Weather Watch

Why tracking California’s snowpack is important

Snowy peaks in the Sierra Nevada at Kings Canyon National Park earlier this winter.
Snowy peaks in the Sierra Nevada at Kings Canyon National Park earlier this winter.

Most of the rain that reaches the ground along the Central Coast actually begins as snow high in the atmosphere where temperatures are less than 32 degrees Fahrenheit, the freezing point of water.

As the snow falls, it usually encounters warmer air and melts, changing to rain. If the temperature remains below or near freezing, snow will hit the ground.

Much of California’s precious precipitation falls as snow over the Sierra Nevada. This snowpack acts as a reservoir. As this reservoir melts, it slowly releases water for the needs of forests and agriculture, industry, households and endangered species, and it provides the source of energy for hydroelectric power generated in spring and summer.

Some may wonder, “Can it get too cold to snow?”

There is a relationship between temperature and the maximum amount of water vapor the air can hold — the colder the air becomes, the less water vapor it can contain.

If the air is frightfully cold, such as at the South Pole where temperatures can reach minus 120 degrees or lower, the moisture content of the air is nearly bone dry and very little snow can occur. In our part of the world, the moist air that streams eastward from the Pacific Ocean is lifted over the Sierra Nevada, where it cools and massive amounts of snow can fall, like wringing water out of a mop.

Tamarack, near Bear Valley ski resort, is at an altitude of nearly 7,000 feet and has experienced some of the greatest snowfall amounts on Earth. In 1906-07, this location recorded nearly 74 feet of snow. In just one day, Echo Summit, south of Lake Tahoe, reported 67 inches of snow on Jan. 4, 1982.

PG&E established one of the first permanent snow courses, or measuring stations, in California in 1910 at Donner Summit along Highway 80. Markers along the course are measured at regular intervals to determine the amount and water content of the snow.
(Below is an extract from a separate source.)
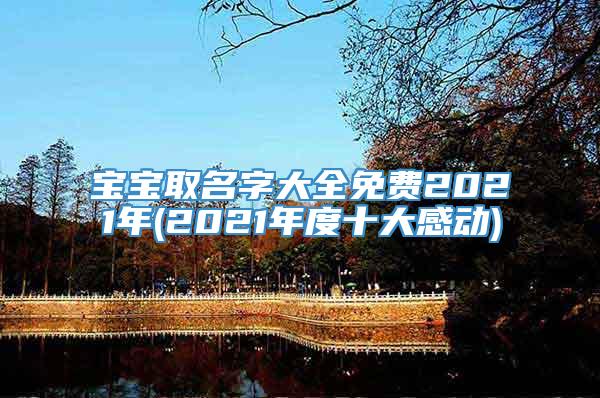 宝宝取名字大全免费2021年(2021年度十大感动)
It was established shortly after James Church of the University of Nevada developed the science and methodology of snow surveying to study the relationship between the amount of snow on the ground and runoff. An average snow course is 1,000 feet long with about 10 sample points. The adventurous folks who perform these snow surveys are called hydrographers. They work in teams for the sake of safety and often fly in by helicopter, drive in by Sno-Cat or snowshoe in, and they make measurements over a wide expanse of the watershed. And is it ever a wide expanse of watershed!

Most hydroelectric power delivered to PG&E customers comes from generation facilities built along 16 river basins stretching nearly 500 miles — from Redding in the north to Bakersfield in the south.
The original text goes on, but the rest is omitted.